In the image we prompt some elements of a certaing RDF graph. The rectangles represent URIs of instances, the clouds URIs of classes, and the arrows properties that join both elements; orange color for dbo:governamentType and green for rdf:type . Let's say that we have applied PageRank (PR) to a graph which contains those elements and relations. Also, lets say that we classify both dbo:governamentType and rdf:type as classpointers. Each entity on the graph has been associated to a PR score. The ClassRank (CR) score of a class is obtained by aggregating the PR scores of its instances. Then, in case Parlimentary system and Country don't have any other instance than the ones that appear in the picture, we would have:

  • CR_Parlimentary_System(0.6) = PR_Hungary(0.1) + PR_Greece(0.2) + PR_USA(0.3)
  • CR_Country(0.3) = PR_Hungary(0.1) + PR_Greece(0.2)

The information brought by ClassRank may be helpful in several scenarios, including, but not limited to:

  • Better exploitation of existing knowledge. Obtaining a list of relevant classes may facilitate querying relevant entities using common interfaces.
  • Class consolidation by comparison. Using ClassRank on different KGs allows to compare the results of all of them in order to find repeated classes across different sources. That would be useful for:
    • Class confirmation. If the algorithm repeatedly finds a certain class across different sources, it probably means that this is a real and correct class.
    • Class conciliation. If a certain class is found in different sources, we may be able to interconnect them using properties of OWL.
  • Information Retrieval Tasks. ClassRank allows to obtain the most relevant instances of a certain type, which may be helpful in different Information Retrieval scenarios. For instance, when looking for scientific literature, it may be desirable to know the most relevant instances (publications) of a given area.

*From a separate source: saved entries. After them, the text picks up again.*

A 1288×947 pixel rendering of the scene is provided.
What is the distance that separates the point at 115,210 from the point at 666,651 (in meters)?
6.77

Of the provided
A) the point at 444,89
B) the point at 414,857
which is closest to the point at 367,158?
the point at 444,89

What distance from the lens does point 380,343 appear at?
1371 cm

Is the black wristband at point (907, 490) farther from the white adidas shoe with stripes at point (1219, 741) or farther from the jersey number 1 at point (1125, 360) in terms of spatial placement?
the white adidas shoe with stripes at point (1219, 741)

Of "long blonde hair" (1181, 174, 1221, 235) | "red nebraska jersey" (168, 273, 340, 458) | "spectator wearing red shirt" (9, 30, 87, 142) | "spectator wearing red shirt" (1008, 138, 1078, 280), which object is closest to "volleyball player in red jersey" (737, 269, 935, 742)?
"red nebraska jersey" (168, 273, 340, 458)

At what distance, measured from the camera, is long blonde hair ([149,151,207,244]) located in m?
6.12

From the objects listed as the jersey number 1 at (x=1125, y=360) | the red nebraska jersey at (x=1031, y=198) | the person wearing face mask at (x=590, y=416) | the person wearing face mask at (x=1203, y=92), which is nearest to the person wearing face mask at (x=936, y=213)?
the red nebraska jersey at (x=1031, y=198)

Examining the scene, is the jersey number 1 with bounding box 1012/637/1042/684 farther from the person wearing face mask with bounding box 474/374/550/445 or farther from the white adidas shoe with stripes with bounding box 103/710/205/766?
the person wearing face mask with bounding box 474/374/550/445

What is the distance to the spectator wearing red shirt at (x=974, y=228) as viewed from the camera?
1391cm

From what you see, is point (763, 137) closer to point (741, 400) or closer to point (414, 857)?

In order to discover class URIs, ClassRank explores the target graph looking for triples containing some special properties that we have called class-pointers. Essentially, a class-pointer is an RDF property which is expected to be used only to point to RDF classes.

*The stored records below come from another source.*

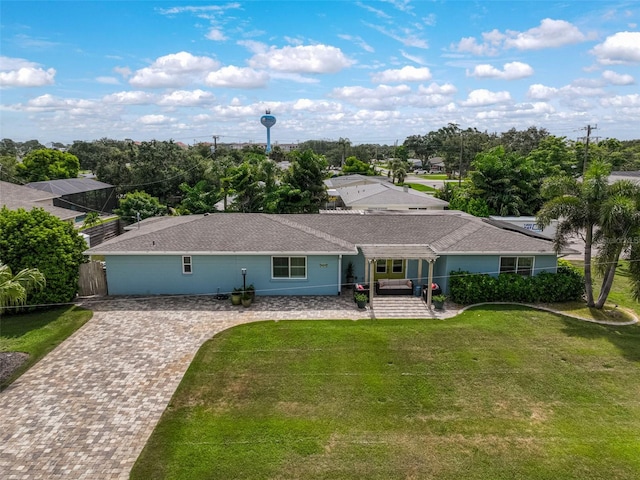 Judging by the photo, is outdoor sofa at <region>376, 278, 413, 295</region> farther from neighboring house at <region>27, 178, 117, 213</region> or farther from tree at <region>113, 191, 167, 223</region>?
neighboring house at <region>27, 178, 117, 213</region>

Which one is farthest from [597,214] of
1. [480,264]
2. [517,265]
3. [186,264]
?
[186,264]

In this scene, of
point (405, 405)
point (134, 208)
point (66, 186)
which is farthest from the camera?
point (66, 186)

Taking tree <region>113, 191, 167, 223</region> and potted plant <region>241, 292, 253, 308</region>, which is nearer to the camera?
potted plant <region>241, 292, 253, 308</region>

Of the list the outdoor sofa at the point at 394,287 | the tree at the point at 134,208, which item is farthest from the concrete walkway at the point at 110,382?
the tree at the point at 134,208

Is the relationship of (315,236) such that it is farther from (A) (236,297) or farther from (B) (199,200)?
(B) (199,200)

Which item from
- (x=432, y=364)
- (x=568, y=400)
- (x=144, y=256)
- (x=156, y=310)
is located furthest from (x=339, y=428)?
(x=144, y=256)

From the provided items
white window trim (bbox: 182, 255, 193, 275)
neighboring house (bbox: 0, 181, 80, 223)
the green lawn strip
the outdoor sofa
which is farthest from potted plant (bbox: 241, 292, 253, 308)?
neighboring house (bbox: 0, 181, 80, 223)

ClassRank computes exclusively information contained in the target graph, i.e., no third-party knowledge is used during the process, thus ClassRank can be applied on KGs of any kind of domain.

Inputs and outputs

The damping factor α in PageRank defines the probability p = (1 - α) for a random surfer to get bored on moving through the graph using links, moment in which he decides to jump to a random element. The thresholds θI and θC are used to ignore some facts that occur rarely, which may mean that they are noise or they have a non-significant presence in G. The algorithm returns three results:

  • The standard PageRank vector for every entity node in the graph
  • The ClassRank vector for every found class in the graph
  • A matrix containing which entities point to which classes using which class-pointers.

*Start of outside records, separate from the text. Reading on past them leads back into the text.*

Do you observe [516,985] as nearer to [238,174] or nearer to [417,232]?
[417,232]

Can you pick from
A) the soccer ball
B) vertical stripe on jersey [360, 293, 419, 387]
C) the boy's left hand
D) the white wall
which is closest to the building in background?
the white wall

The combined information of CR scores and list and amount of isntances provide the relevance of each class and it allows us to analyze the source of that relevance.

Formalization

We provide a formalization of ClassRank algorith:

Mathematical formalization of Pagerank

Access to source code

We have implemented ClassRank in Python and the source code is publicly available. Our version of Classrank is still a prototype, more tests are needed and some bugs (which do not affect to the final score) have been already detected. It completely operates in main memory to maintain some structures during the computations, so you may need a powerfull machine in order to compute huge grpahs.

Some examples and instructions are provided in the repository.

Computed datasets

ClassRank has already been applied over big RDF sources. We provide access to the results of applying ClassRank on a dump of Wikidata, date 2016/10/26. The link provided also give acces to an older implementation of ClassRank whose code is tightfully linked to Wikidata. If you are planning to test ClassRank, we recomend you to use the implementation that we have recently provided, which is thought to work with any kind of RDF graph.

We will provide soon the results of applying ClassRank over the English edition of DBpedia.